Bersani ha visto svanire l’occasione della sua vita lo scorso 25 febbraio: la vittoria alle elezioni politiche, da capo della coalizione di centrosinistra, è letteralmente evaporata man mano che i dati di Camera e Senato giungevano dai seggi in tutta Italia.

[ad]E così Pierluigi Bersani ha dovuto fare i conti con una vittoria mutilata, non avendo la maggioranza assoluta nei due rami del Parlamento e tradendo,  di fatto, la promessa di arrivare ad avere una forza in aula numericamente autosufficiente per governare.

A fallire previsione e impegno, insieme al segretario del Partito Democratico, è stato anche il suo principale alleato, Nichi Vendola, leader di Sinistra Ecologia e Libertà, che in più circostanze aveva giurato e sentenziato che il centrosinistra avrebbe vinto e governato e anche che stavolta non avrebbe fatto la fine di Romano Prodi.
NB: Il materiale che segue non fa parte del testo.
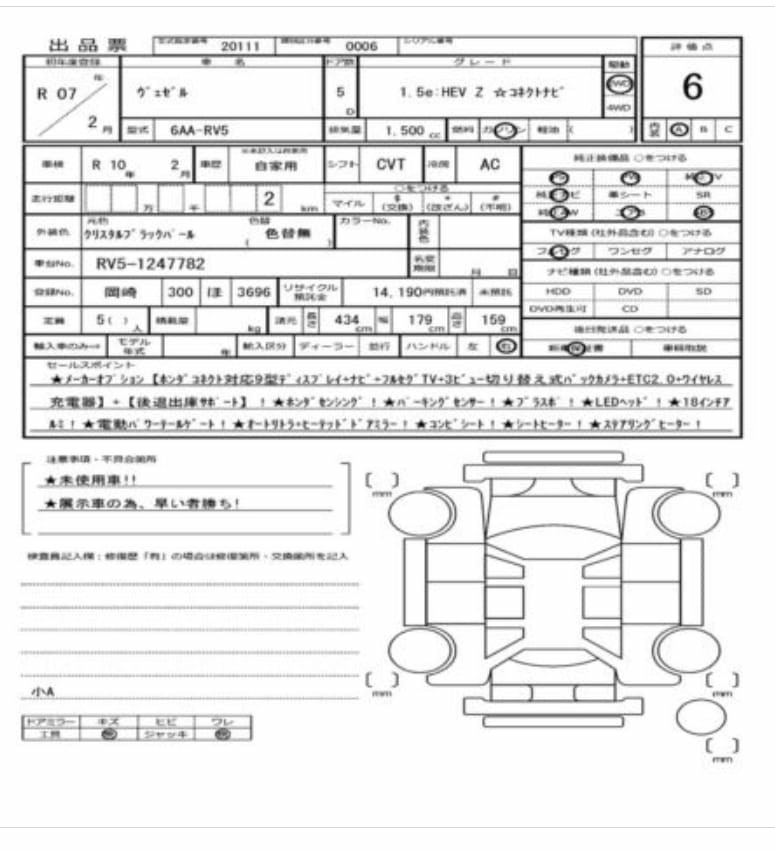 Option Certificate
A pensarci bene dovrebbe oggi essere Prodi a pensare di non aver fatto la fine di Bersani e Vendola: il professore di Bologna almeno ha governato due anni.

Oggi invece l’Italia è senza governo, naviga a vista e il caos politico regna sovrano: in questo clima le forze presenti in Parlamento si apprestano ad avviare la sessione congiunta per eleggere il nuovo Capo dello Stato. Mai momento storico, per la Repubblica Italiana, è stato, almeno a livello parlamentare, più complesso e contorto di quello attuale.
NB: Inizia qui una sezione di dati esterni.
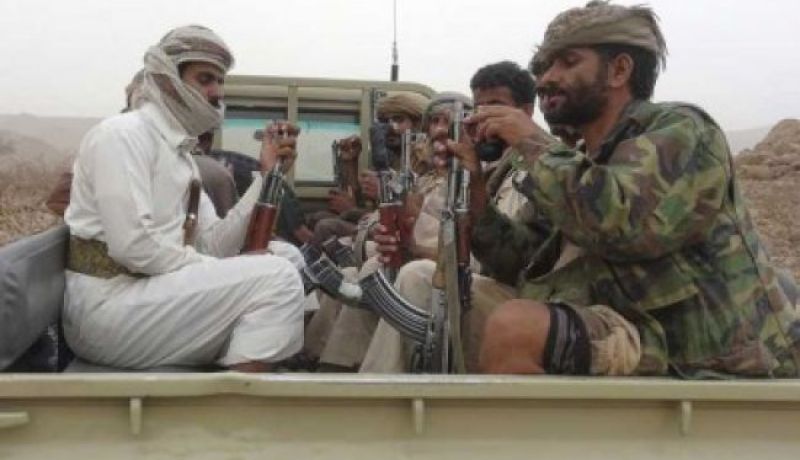 المقاومة الشعبية تبسط سيطرتها على مواقع جديدة وسط اليمن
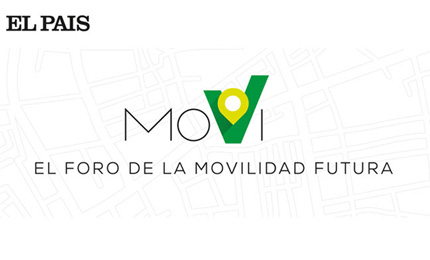 MOVI - El foro de la movilidad futura (Intervención decano COAM)
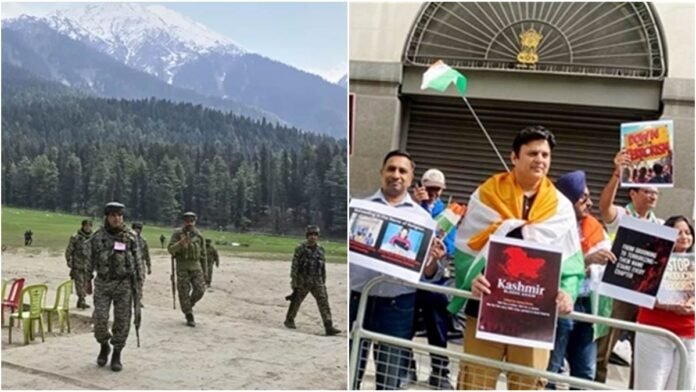 पाक ने एलओसी पर फिर की फायरिंग, लंदन में पाकिस्तानियों के सामने लगे 'भारत माता की जय' के नारे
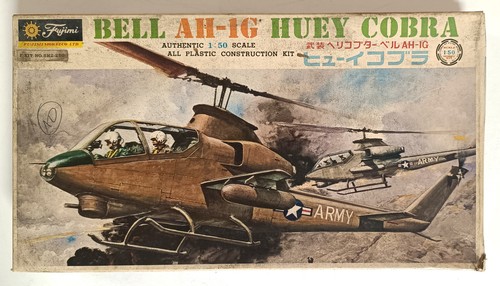 Maquette helicoptere n - 1/50,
All’Italia tutto servirebbe in questa fase tranne che leader politici incapaci di assicurare anche le condizioni minime per avere un governo ed una guida stabile delle Istituzioni democratiche.
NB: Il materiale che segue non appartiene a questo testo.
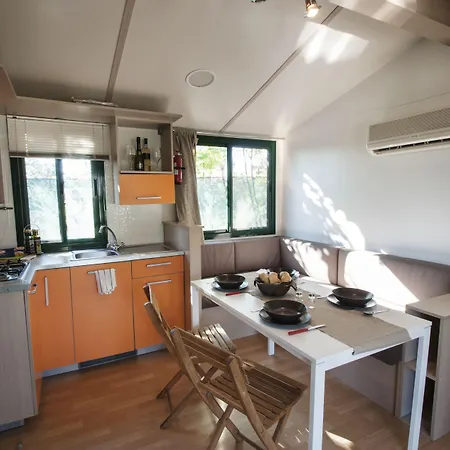 Weekend Glamping Campingplads *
Naturalmente questo non è un problema dei soli Vendola e Bersani ma probabilmente riguarda un po’ tutte le forze politiche. Comprese quelle più “giovani”, come i “pentastellati” di Beppe Grillo che nelle prime settimane di esperienza a Palazzo Madama e Montecitorio non hanno certo brillato per iniziative legislative e capacità di rinnovamento in senso pieno.